On March 11th, Jason Diamond and Kyle Minor spoke at Community Bookstore. Topics ranged from Minor’s new book Praying Drunk to religion to the internet’s effect on the writing community. What follows is the first part of their conversation; the second part will follow tomorrow.

When I talk with a lot of authors, I hear a lot of them say, “There are true stories in my fiction.” When I was reading some of the stories in Praying Drunk, I felt that there were a lot of stories from your life.

A couple of stories from the book were originally published as essays. I’ve come to think of the book as a kind of salvage project. It’s like a junkyard filled with a bunch of other failed books: there are failed memoirs in there, failed essays; there’s a robot story. I never thought of them as a book. But I was talking with another writer, Matt Bell, who’s a friend of mine–he said that when he was putting together his novella Cataclysm Baby, he put together all of the pages that he had, and he filled the floor with them and started to figure out how they were talking to one another.
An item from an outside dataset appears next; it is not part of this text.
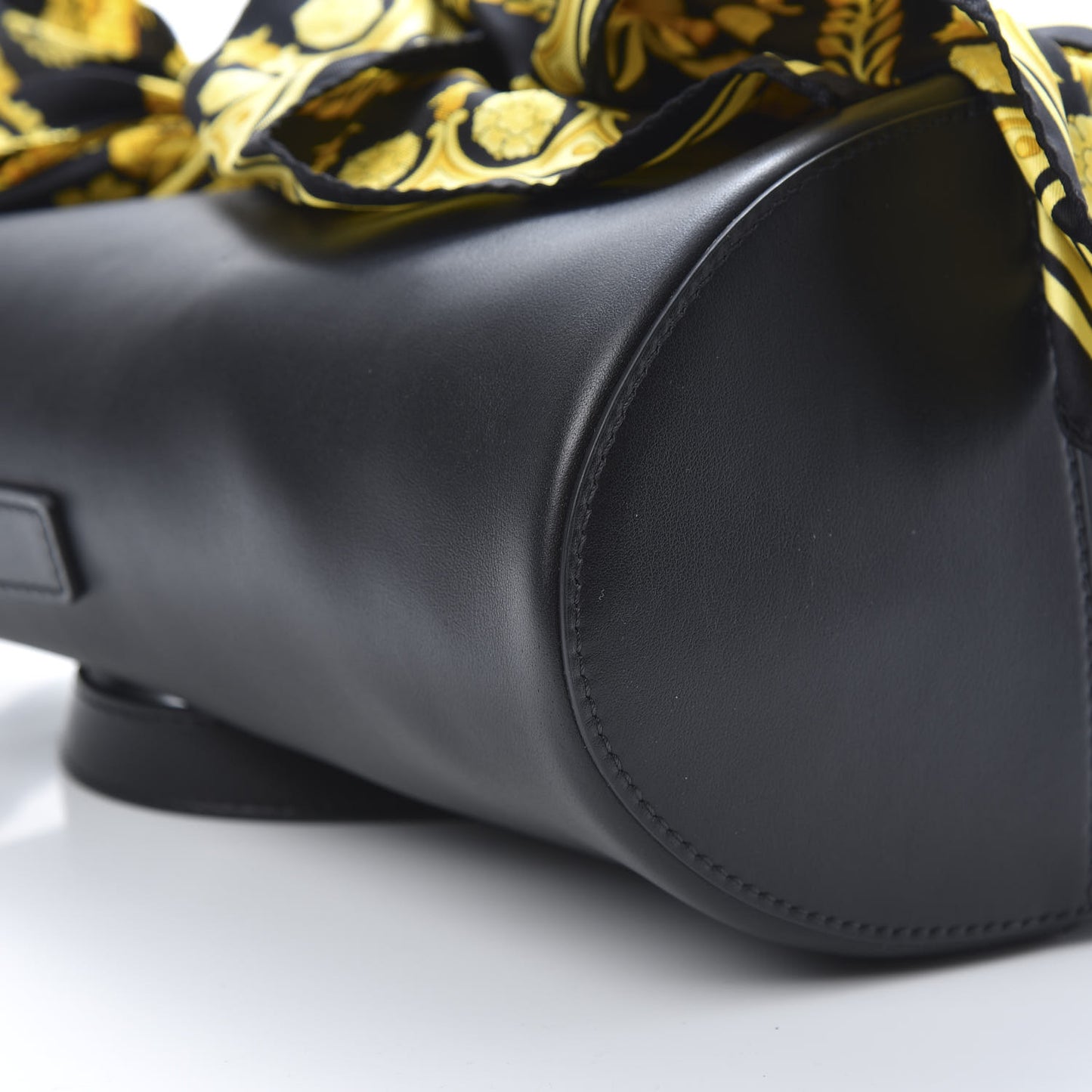 Calfskin Barocco Scarf Bucket Bag Black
I thought, I should try that with these things and see. It was amazing, what I saw. It was a map of all my sadnesses and preoccupations over about a ten-year period. I started to see that the stories and the essays and the memoirs–whatever those things were–they were all versions of one another. At the same time, I was thinking about these traveling preachers who used to come to the Baptist church, when I was a little kid. They would scare you to death. They would play Beatles records backwards. They played “Tomorrow Never Knows” backwards, and it said, “He is the nasty one; Christ, you’re infernal.” And that’s because there were demons living in it. And they said that if you went to see the movie Gremlins, you’d wake up in the middle of the night and the demons might be clawing your skin out. There were all sorts of children throughout the South, reportedly, who had claw marks on their arms. I was worried about my arms. And then they said that if the sky turned red just before dusk, that Christ would be arriving on a white horse, this time on a sword, and the graves would pop open and corpses would come out. And it would take a while for them to turn into beautiful resurrected people, so at first they’d just be corpses with swords.
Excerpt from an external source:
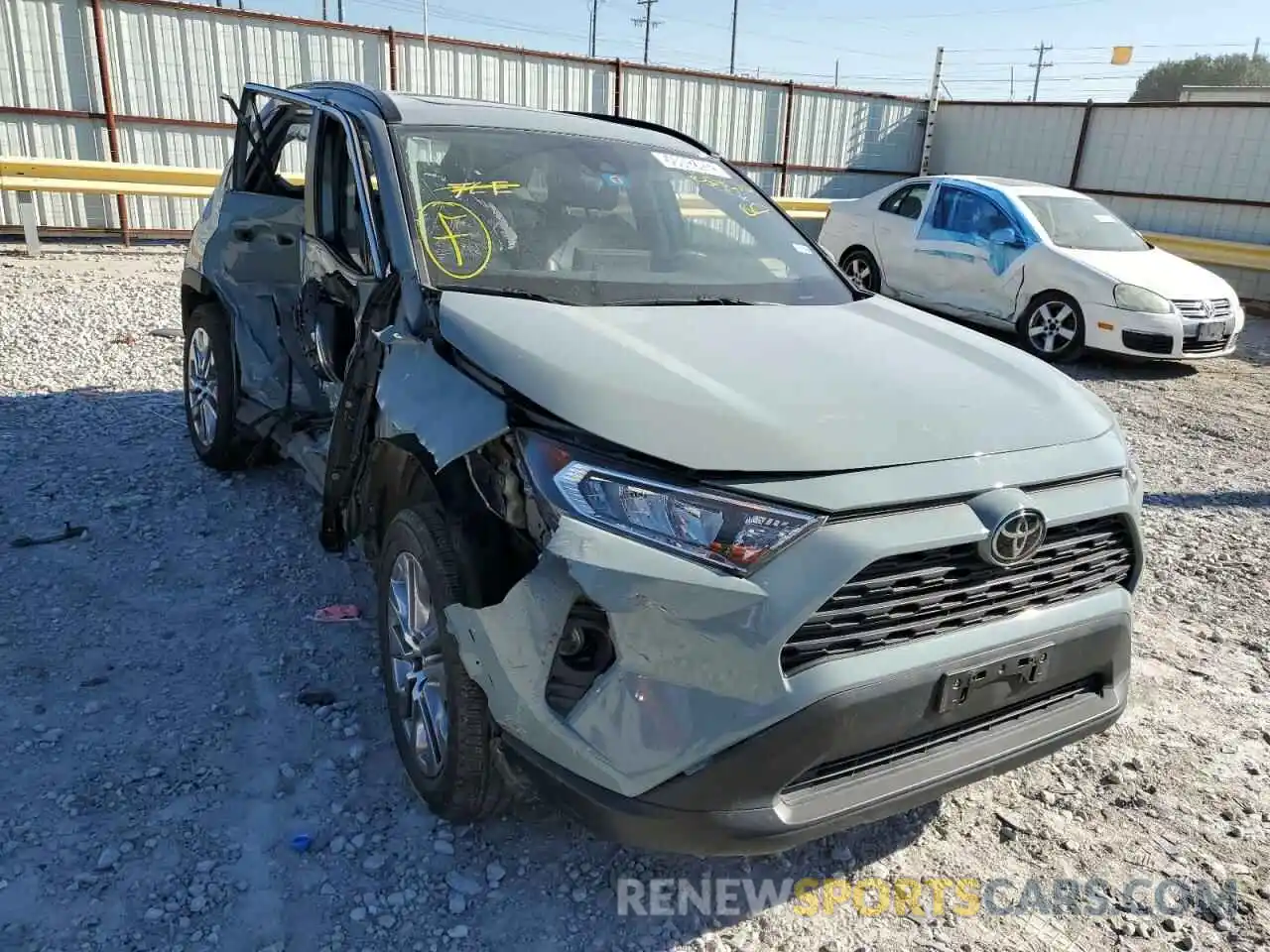 1 Photograph of a damaged car 2T3C1RFV9KW054610 TOYOTA RAV4 2019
Then they showed us these movies. They said, “If you have unconfessed, unforgiven sin in your heart, you won’t get to join the corpses in the sky; you have to be left behind for seven years.” And then they’d show movies about it. They always had kind of a hippie soundtrack, these movies. There’d always be, at the end, a woman running from the local sheriff and a U.N. helicopter through the mountains. She was running because she knew that, if she was captured, they’d put her under the guillotine. I remember this one movie, we saw it on New Year’s Eve… I’m not making this up!

 

I don’t want to laugh at you, but: as a Jew, “The messiah’s coming and you’re all going to be able to study Torah.” That sounds…boring.
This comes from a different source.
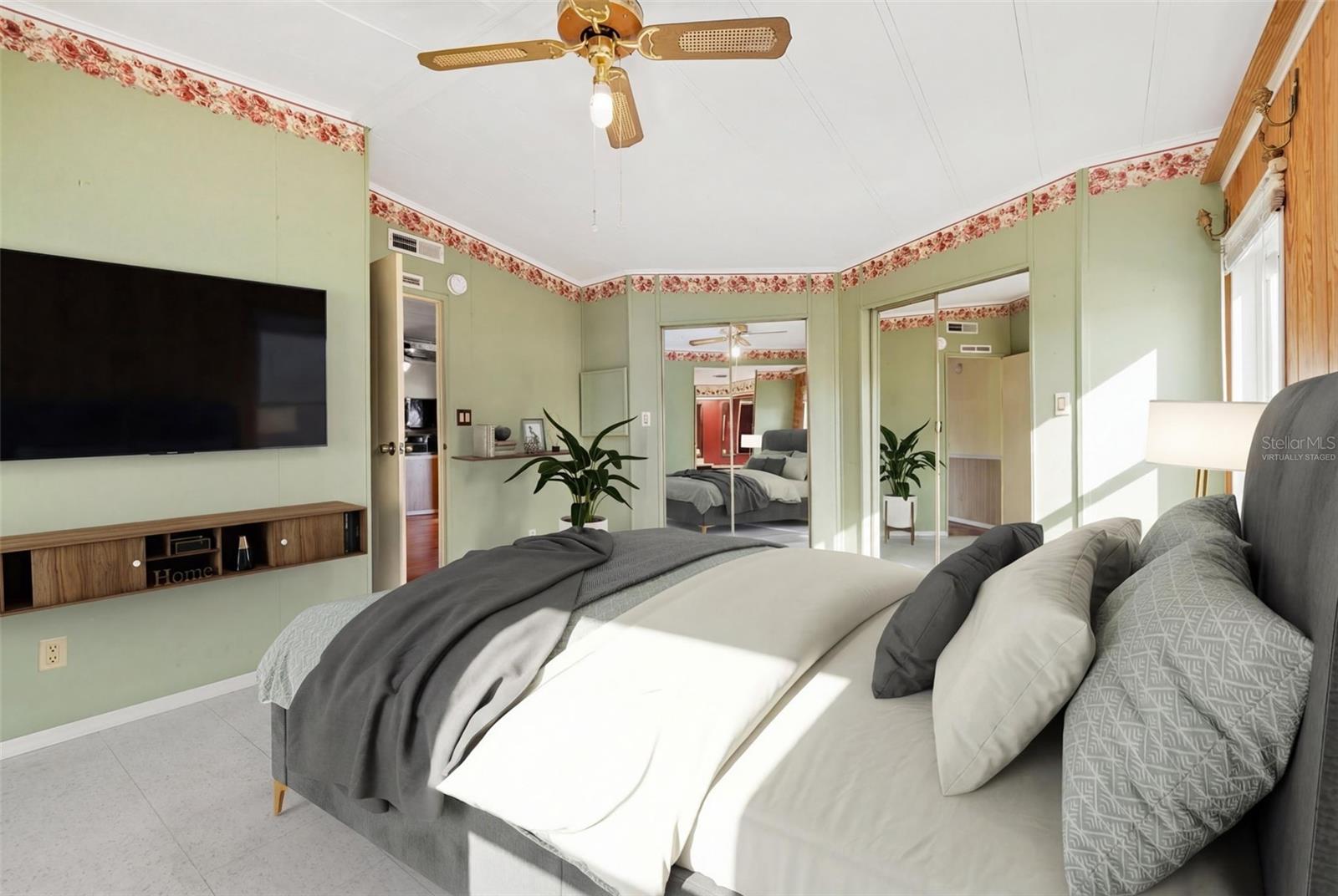 Image 32 of 73 For 2118 Canopy Circle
I’m with you! We’ll have something to talk about with that, too. But anyway: I remember this one movie ended like this. The U.N. helicopters, and the Antichrist, who was invariably from Romania or Bulgaria, and the false prophet… There was some Jewish stuff, too.

 

Yeah, of course.

Because that’s how it is.

 

Well, Eastern Europe…

But also, the Book of Revelations… Well, if you want to talk about this–we were told that we, the true Christians, were the real Jews, because we were the completed Jews. There was a man called Rabbi Ira who would come to our school with a felt board and a picture of a tree, and he would show us how the Jews that we knew had fallen off, as a branch, and we the previously Gentile Christians were the new branch grafted onto the Jewish tree. It makes me mad, when I think about it.

 

It doesn’t make me mad, but there are some guys on Flatbush Avenue who would definitely disagree with you on that.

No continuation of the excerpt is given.